INPUT RECORDS: Begin
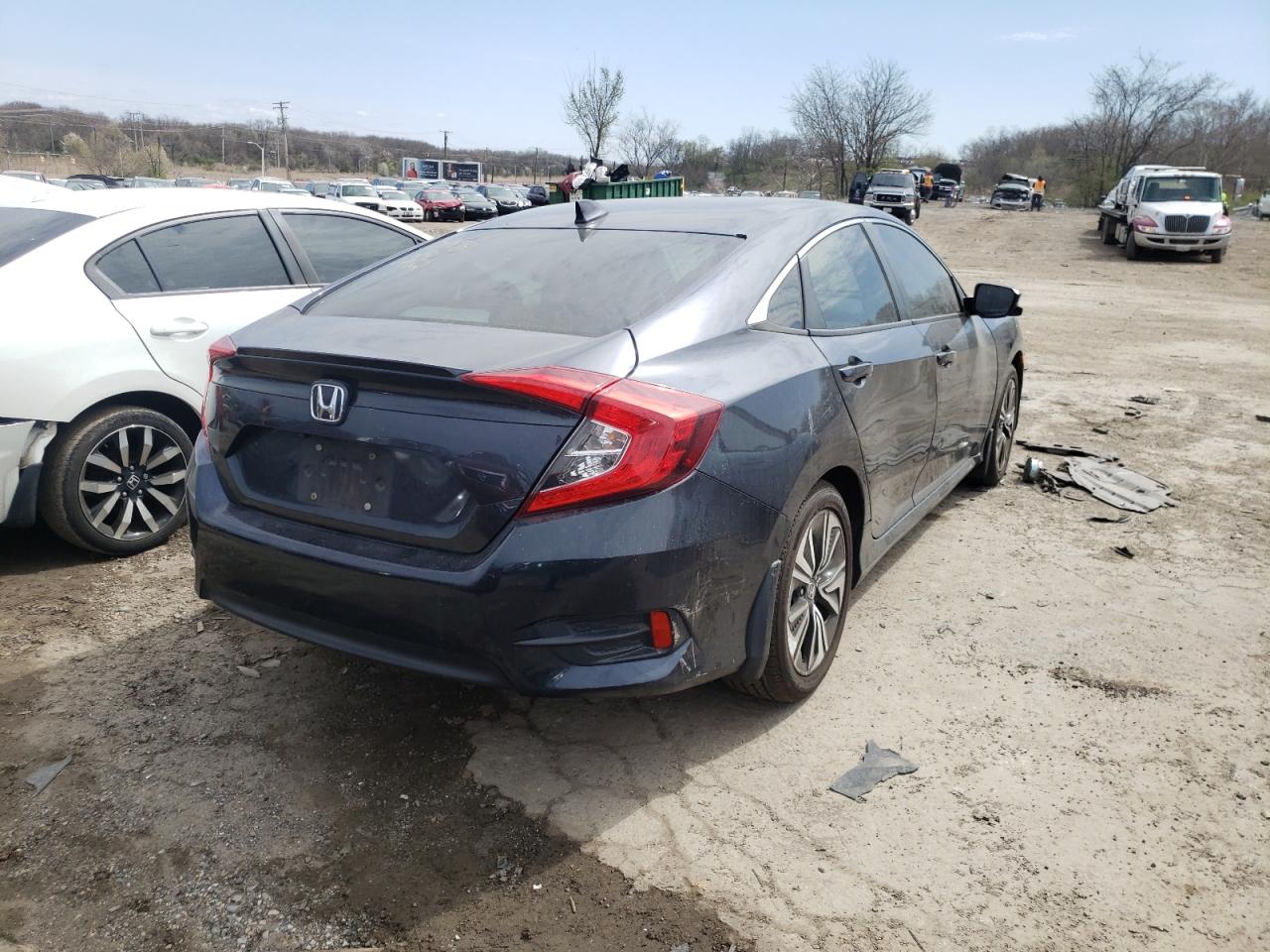 Photo 4 from auction – 2016 HONDA CIVIC EXL with VIN 19XFC1F73GE202151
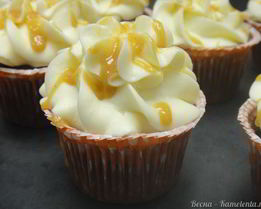 Шоколадно-кофейный капкейк с пряной карамелью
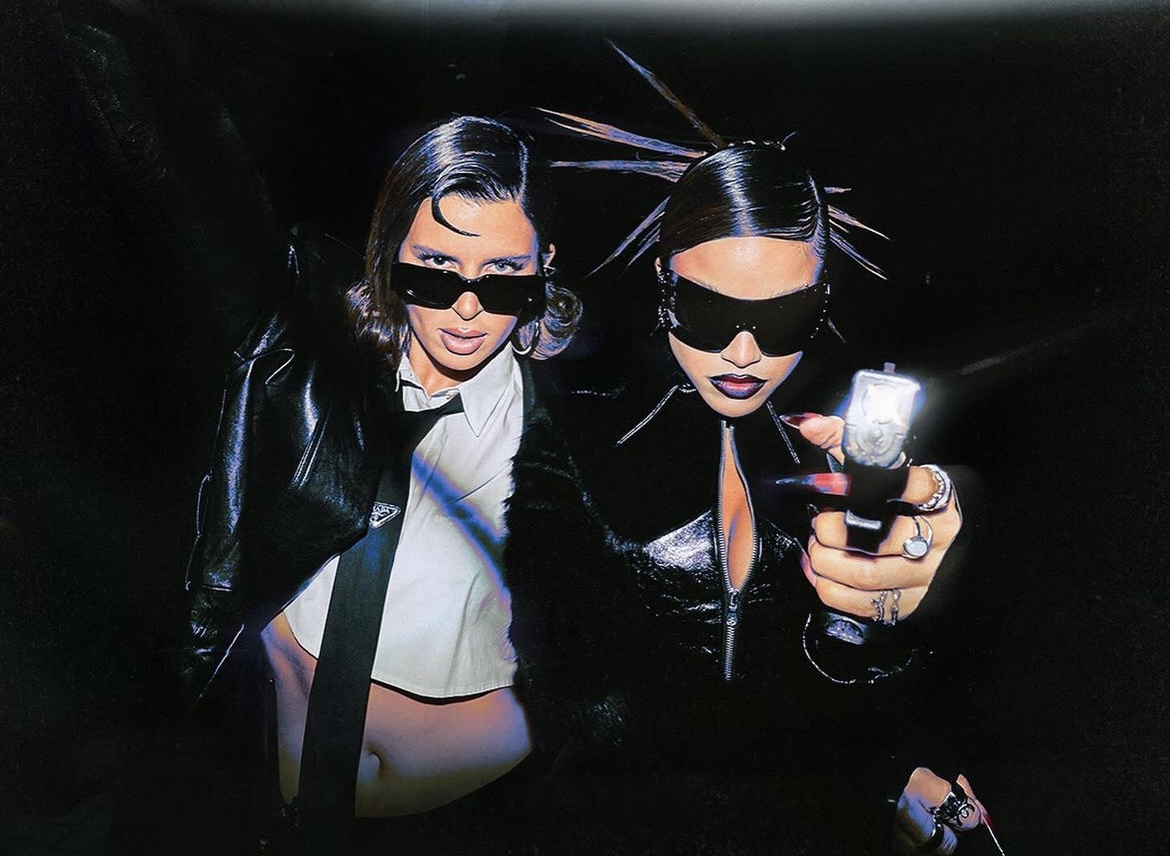 Emilia y Nathy Peluso liberan una seductora tormenta con "JET_Set.mp3"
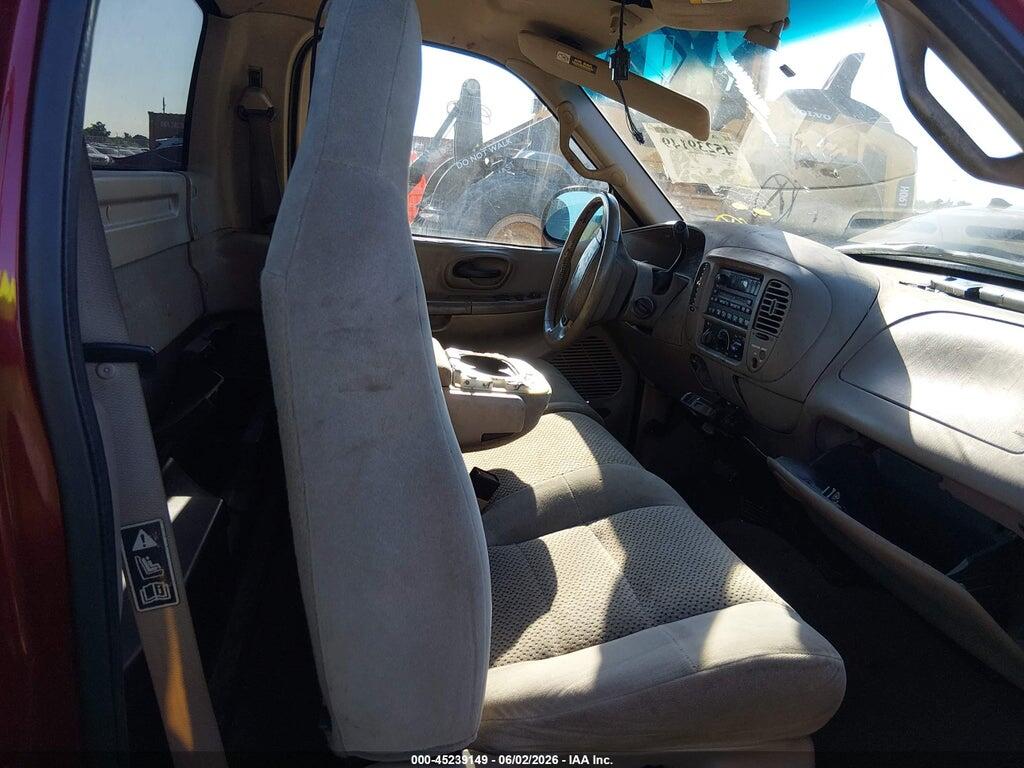 1FTRF17W82NA82815 2002 FORD F-150 photo no. 5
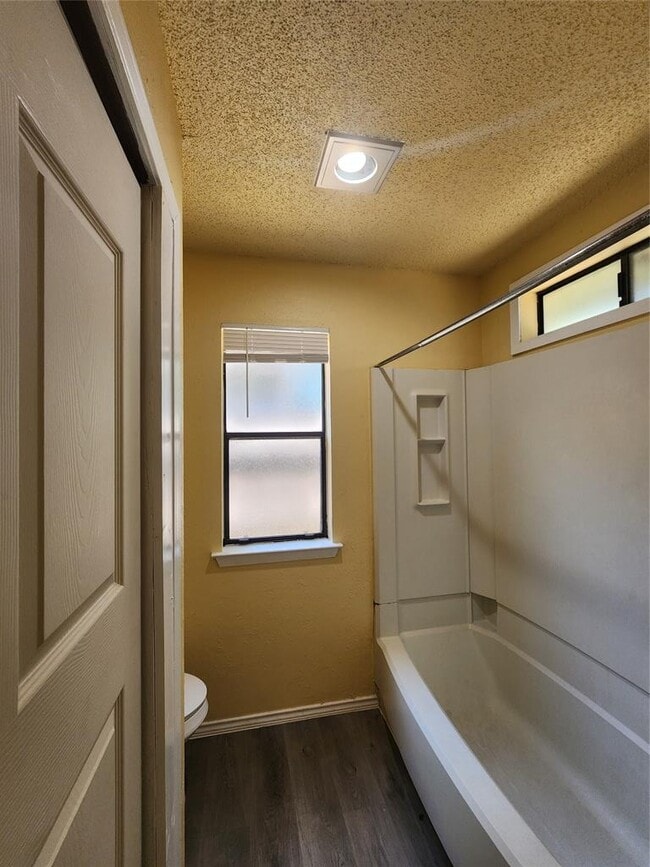 Building Photo - 2610 Garrettson Dr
INPUT RECORDS: End
» EXERCISE DESCRIPTION
Find the line containing "Emilia y Nathy" in the records above, then copy it and every line after it exactly, through the last one, without any pictures.

» WRITTEN REPLY
 Emilia y Nathy Peluso liberan una seductora tormenta con "JET_Set.mp3"
 1FTRF17W82NA82815 2002 FORD F-150 photo no. 5
 Building Photo - 2610 Garrettson Dr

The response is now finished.